Semantic caching: Some gateways cache responses for semantically similar queries, serving a cached response when a new query is close enough to a previous one. This is a context engineering decision made entirely at the gateway: the application sends a fresh query, and the gateway decides the context is similar enough to a previous request that the cached response applies. The quality impact depends entirely on how “similar enough” is defined and whether the context differences that the gateway ignores actually matter for the response.

The risk follows directly: semantic caching treats context as fungible, returning the same answer for different-but-similar contexts. For some use cases (FAQ responses, documentation lookups) this is fine. For others (personalized recommendations, code generation with project-specific context) it silently degrades quality by ignoring context differences that matter.

Cost Optimization Through Context

The Context Tax paper documented that Llama-3.1-70B showed a 719% latency increase at 15k-word context, while accuracy only dropped from 98.5% to 98%. The operational cost of long context is dominated by memory bandwidth and compute time. Accuracy loss is comparatively small, which means cost optimization at the gateway layer can be significant without meaningful quality tradeoffs.

Context compression at the gateway: Before sending a request to the model, the gateway can compress the context by removing redundant content, trimming conversation history to the most recent N turns, or summarizing earlier portions. This reduces token costs and latency. The trade-off: you’re applying Compress & Restart at the infrastructure layer, with the advantage of doing it transparently and the disadvantage of doing it without task-specific knowledge.
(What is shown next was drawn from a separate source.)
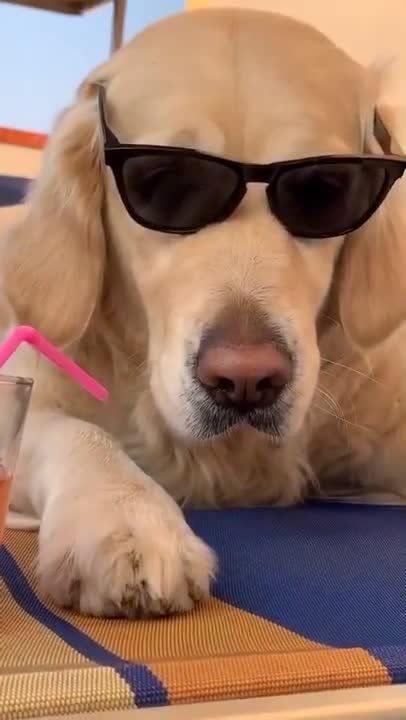 Funny And Cute Dog Video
Budget enforcement: The gateway can enforce a maximum context size per request, rejecting or truncating requests that exceed the budget. This is a blunt instrument, but it prevents runaway costs from applications that assemble context without budget awareness. The Context Budget pattern works better when enforced at the infrastructure layer because individual applications can’t accidentally exceed it.

Token accounting: Gateways that track token usage per request, per user, and per application provide the data needed to optimize context engineering at the application level. If you can see that 60% of your tokens go to conversation history and 10% to the system prompt, you know where compression will have the most impact. This is observability for context engineering.

Common Mistakes

Routing only on task type: Classifying requests as “simple” or “complex” based on the user’s question while ignoring the context that accompanies it. A simple question with 50k tokens of RAG context is not a simple request.

Breaking cache prefixes: Gateway middleware that modifies the prompt (adding tracking headers, rewriting system messages, reordering tools) breaks prompt caching without realizing it. Cache-aware gateways need to treat the prompt prefix as immutable.

Aggressive semantic caching: Caching responses for queries that look similar but have different context. Two requests about “return policy” from different users with different order histories should not get the same cached response.

No budget enforcement: Relying on application developers to manage context size. Without gateway-level limits, one misconfigured RAG pipeline can generate requests with 100k+ tokens that cost 10x what they should.